I met Nazia Iqbal and two of her friends at the student union of Glasgow’s Strathclyde University.
Ms Iqbal, who is the equal opportunities officer, has been making waves ever since she went to the city’s Central Mosque and asked to become a voting member.
According to the mosque’s constitution, Muslim men and women not only have the right to pray at the mosque – if they are over 18, they are entitled to become voting members and have a say in its running.
But Ms Iqbal, who is 20, was turned down, on the grounds that she is female.
Her response was to start a campaign on Facebook, and complain to the body that regulates Scottish charities.
To find out what was going on, I went to Friday prayers at the Central Mosque to meet one of the community’s first-generation pioneers, Bashir Maan.
Now 83, Mr Maan came to Glasgow as a young Pakistani student in the early 1950s.
He became one of the best-known figures in the community and, after joining the Labour Party, the first Muslim councillor in Britain.
The mosque is an impressive structure, occupying a large site beside the River Clyde. It opened its doors in 1984 and can hold more than 2,000 worshippers.
Mr Maan agrees that the constitution opens up membership to both males and females – but criticises Ms Iqbal and her friends for being confrontational.
Some of the younger generation don not want to work with the “oldies”, he told me; they think they know best.
For now, it is stalemate.

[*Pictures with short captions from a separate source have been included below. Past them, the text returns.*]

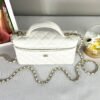 Chanel 25C White Caviar Vanity Case with Chain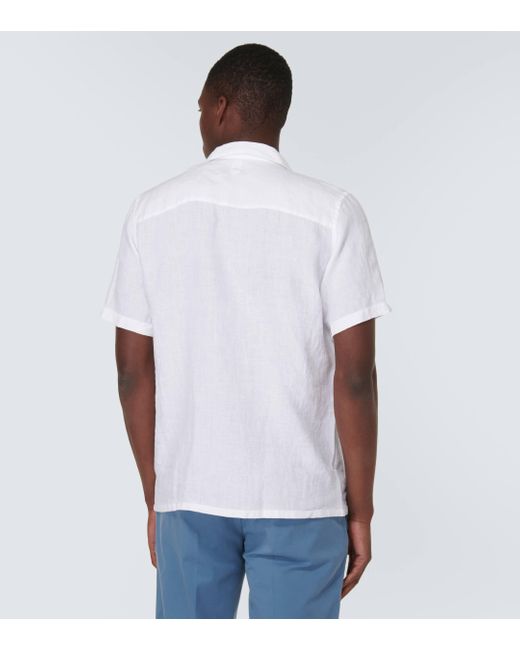 Canali White Linen Shirt for men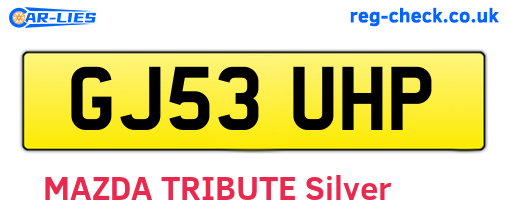 GJ53UHP are the vehicle registration plates.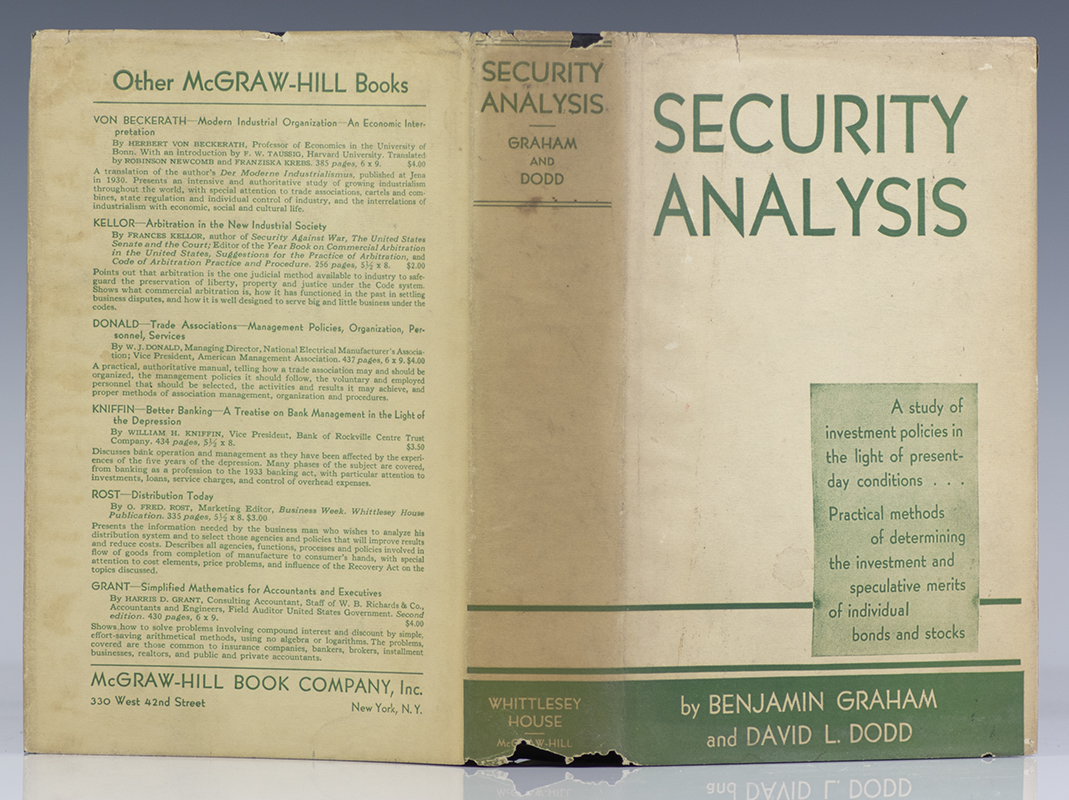 Security Analysis Benjamin Graham First Edition Signed Rare Book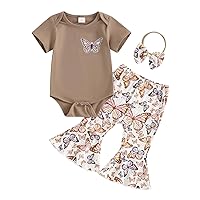 Baby Girl Summer Clothes Butterfly Outfit Short Sleeve Romper Butterfly Print Flare Pants Set Headband 3pcs
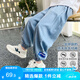 左西男中大童牛仔褲兒童防蚊褲夏2025新款夏裝長(zhǎng)褲子 淺牛仔色 140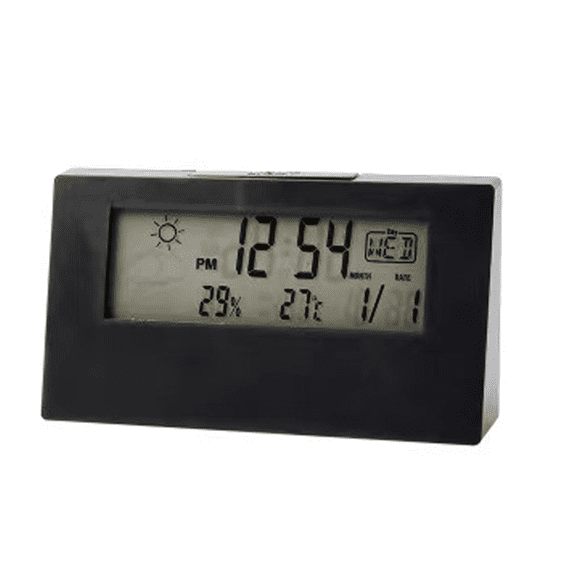 Simple Clock Weather Humidity Mute Digital Transparent Luminous Multifunctional Electronic Clock - Black glossy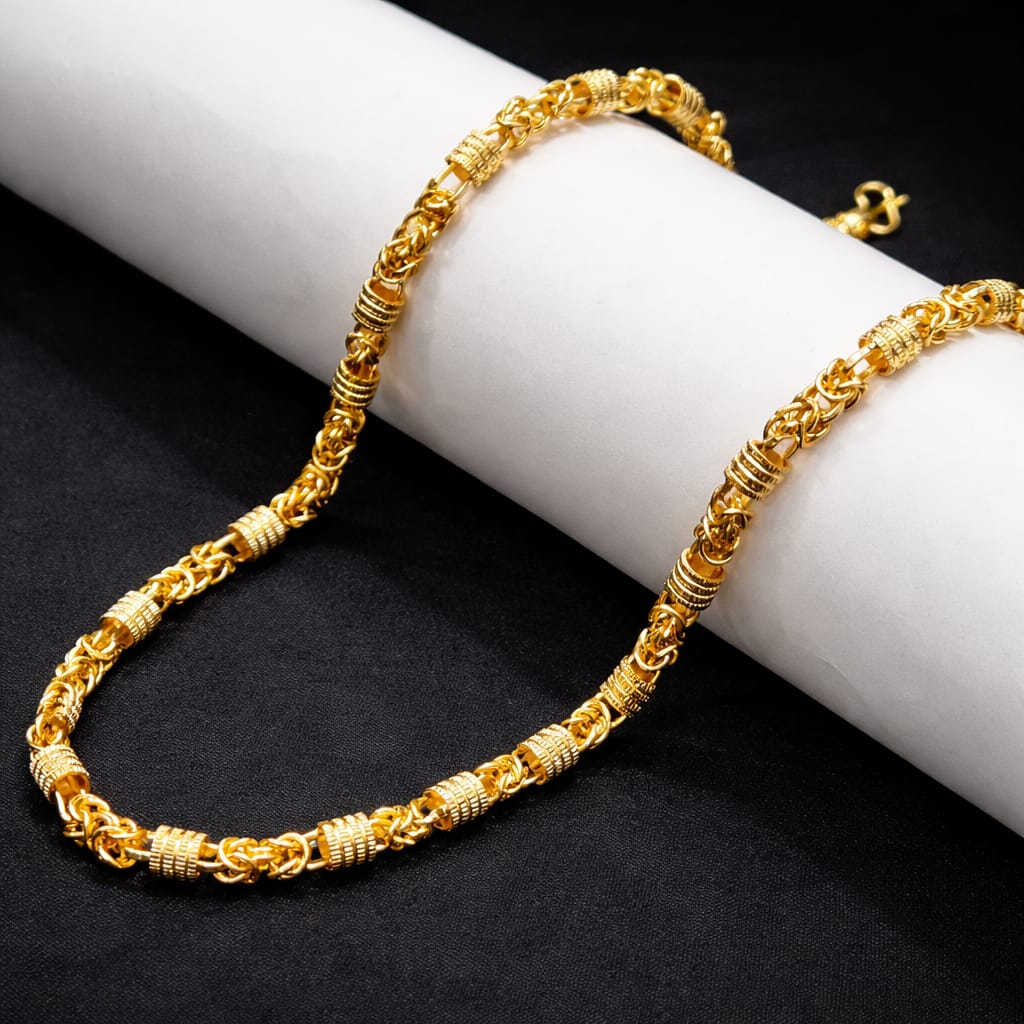 18k Gold Polished Vintage Royal Pattern Chain - Code VO08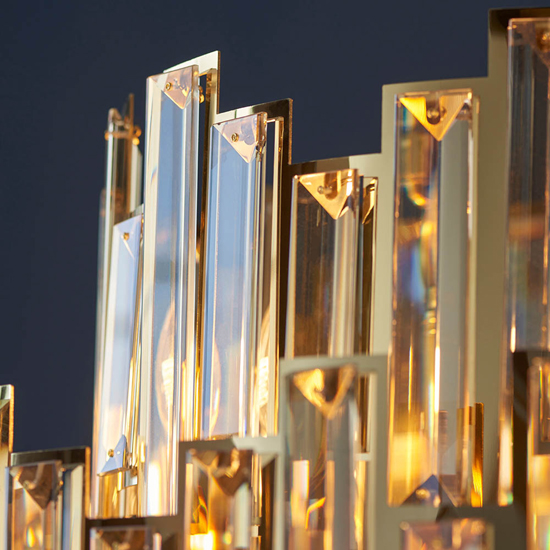 Eureka 12 Lights Crystal Glass Ceiling Pendant Light In Gold_3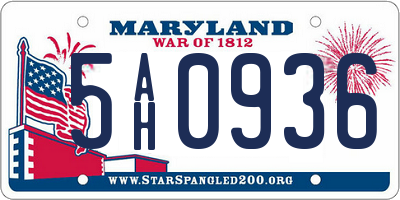 MD license plate 5AH0936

Ms Iqbal has not become a member, the campaign goes on – and the regulatory body has yet to reach a decision.
Is haggis halal?
What is so striking about Glasgow’s Muslims is their attachment to a Scottish identity.
A young Islamic scholar, Sheikh Rizwan Mohammed, debates with his students whether Muslims can eat haggis – the Scottish national dish – or wear a kilt.
(His answer is yes to both – provided the kilt is below the knee.)
Another example is Muslim involvement in politics.
My visit coincided with the British election campaign. In the constituency of Glasgow Central, two young Muslims, both in their 20s, were competing for the same seat.
Anas Sarwar was standing as a Labour candidate for the seat previously held by his father, Mohammed.
One of his challengers, Osama Saeed, left the Labour Party in protest at the Iraq war and was the candidate for the Scottish National Party.
The SNP wants independence for Scotland.
In the event, Anas Sarwar retained the seat for Labour. But his party can no longer rely, as it could in the past, on unquestioning Muslim support.
Among the younger generation, it is not just students like Ms Iqbal who think it is time for change.
At the Andalus Centre, in a former office block in a Glasgow suburb, I met an energetic husband-and-wife team – Kishwar Sultana and Javed Ali.
They not only teach young Muslims the Koran, they take youngsters – girls as well as boys – kayaking and rock climbing.
The parents trust them, says Kishwar Sultana, because they are sensitive to the families’ religion and culture.
I asked some of the mothers why they had chosen the centre rather than one of the mosques. They liked its approach to learning, they told me, and its welcoming atmosphere.
The implication is that the more traditional mosques – patriarchal and conservative – are less family-friendly.
“The Muslim community is stagnant,” says Javed Ali. It needs new ideas and new leadership to move forward.